Cuando Irina, cuya procedencia ya es sabida, siguió a su pareja hasta Palamós, frustradas las aspiraciones de éste a entrar en la plantilla del Barça, a la vista de los escasos ingresos de Andrepas y de su incierto futuro en el terreno deportivo, decidió buscar trabajo en alguno de los prestigiosos prostíbulos de la zona, y pronto lo encontró en El Asombro de Damasco, ya conocido de los agentes y también de los lectores, si de aquel episodio guardan memoria.
Del ejercicio de su nueva profesión Irina no tenía quejas: mientras el negocio fuera próspero, y no había razón para pensar que no iba a serlo hasta el fin de los tiempos, la empresa trataba bien a las empleadas; por su parte, la clientela, formada por caballeros de buena posición, guardaba en todo momento una actitud respetuosa; la mayoría tenía estudios superiores, por lo que su proceder era cohibido y sus preferencias se inclinaban más hacia la conversación que hacia otras cosas: a la hora de quejarse y fanfarronear no se cortaban un pelo; en cambio, era habitual la disfunción eréctil, y cada año se producían entre dos y tres infartos.

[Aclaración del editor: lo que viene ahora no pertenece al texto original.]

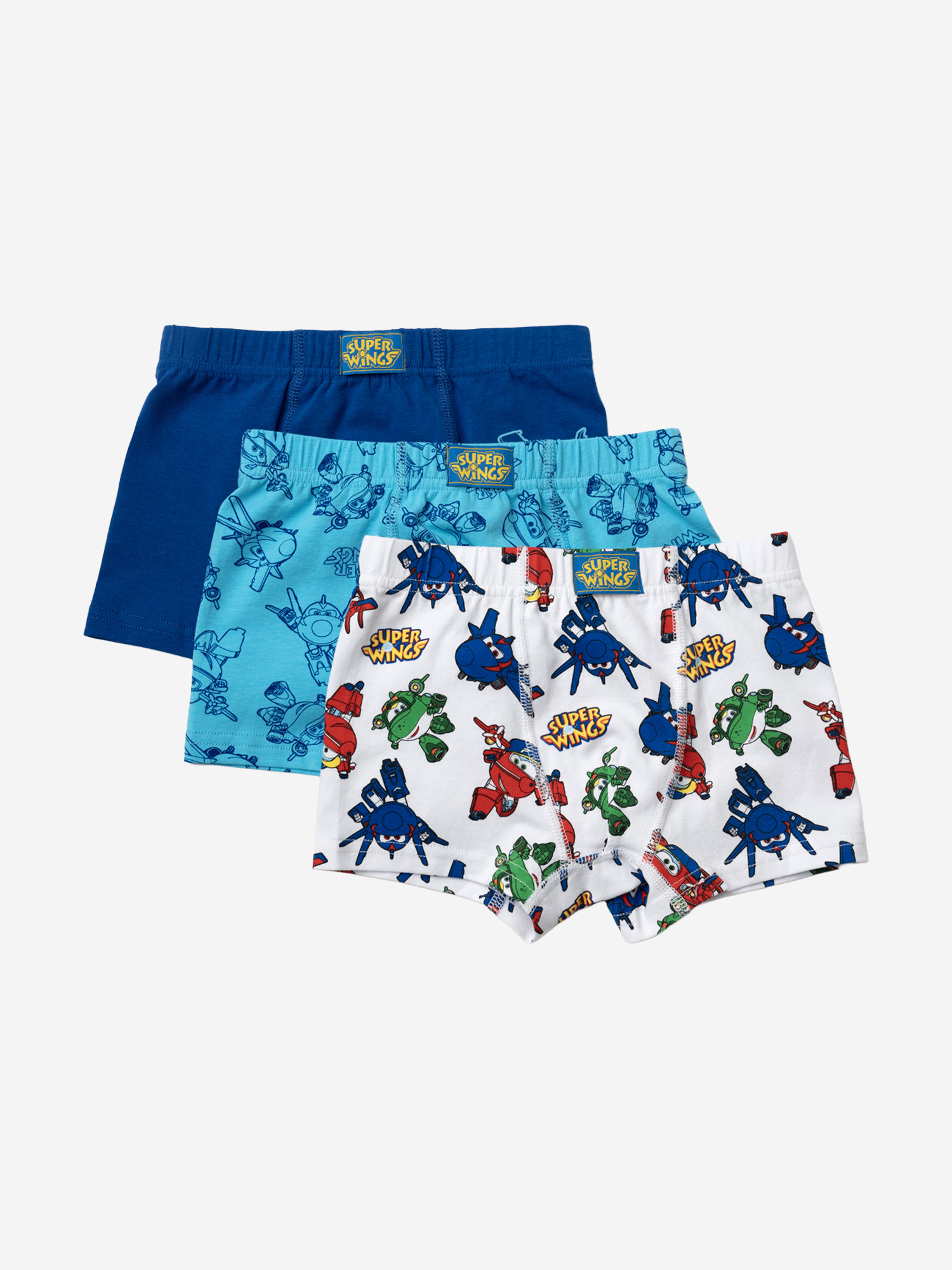 Изображение товара Боксеры PlayToday Детские 3 шт 93% хлопок 7% эластан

Andando el tiempo, sin embargo, Irina descubrió que El Asombro de Damasco era un remanso de paz en medio de un infierno. Si bien el negocio era floreciente en una comarca fronteriza y dedicada al turismo y al ocio, los establecimientos de primera categoría, tranquilos y dotados de buenas instalaciones, eran los menos. Los más eran antros insalubres, donde se amontonaban y trabajaban en régimen de esclavitud mujeres procedentes de los cinco continentes; unas habían ido a parar allí atraídas por engaños, secuestradas por traficantes y piratas o vendidas por parientes desalmados; otras, huyendo de la guerra, del hambre, de matrimonios forzados u otros infortunios; no tenían documentación, estaban expuestas a enfermedades y malos tratos por parte de organizaciones criminales y rufianes violentos que no se detenían ante ningún tipo de atropello, incluido el asesinato. Ellas, por su parte, no tenían posibilidad alguna de defensa, porque frente a aquella situación apenas visible para la población, las autoridades adoptaban una actitud apática, temerosas de desencadenar un conflicto que redundara en violencia y, de resultas de ello, en una merma de los atractivos turísticos de la región: si las mafias y los delincuentes resolvían sus asuntos a puerta cerrada, las autoridades estaban dispuestas a mirar hacia otro lado.
La constatación de aquel panorama atroz soliviantó a Irina por partida doble: por su innato sentido de la justicia y por su natural solidaridad con las mujeres de su misma profesión.
—¡Es intolerable, Andrepas! ¡En pleno siglo de la informática! —exclamó.
—Veo lógica en tu planteamiento —respondió Andrepas después de escuchar el espeluznante relato de su compañera: trabajar en el sector de la hostelería le había enseñado a no llevar nunca la contraria y a no dar nunca la razón.
—Por suerte —dijo ella—, aquí estamos tú y yo, para poner coto a este desafuero.
Andrepas se mostró igual de dúctil pero más cauto.
—No veo cómo —dijo.
—Yo tampoco —admitió Irina—. Lo importante, por ahora, es tener las ideas claras. Por supuesto, no podemos acabar con este tráfico inicuo. Pero algo podemos hacer, si no por todas esas desgraciadas, al menos por unas cuantas. Mejor eso que nada.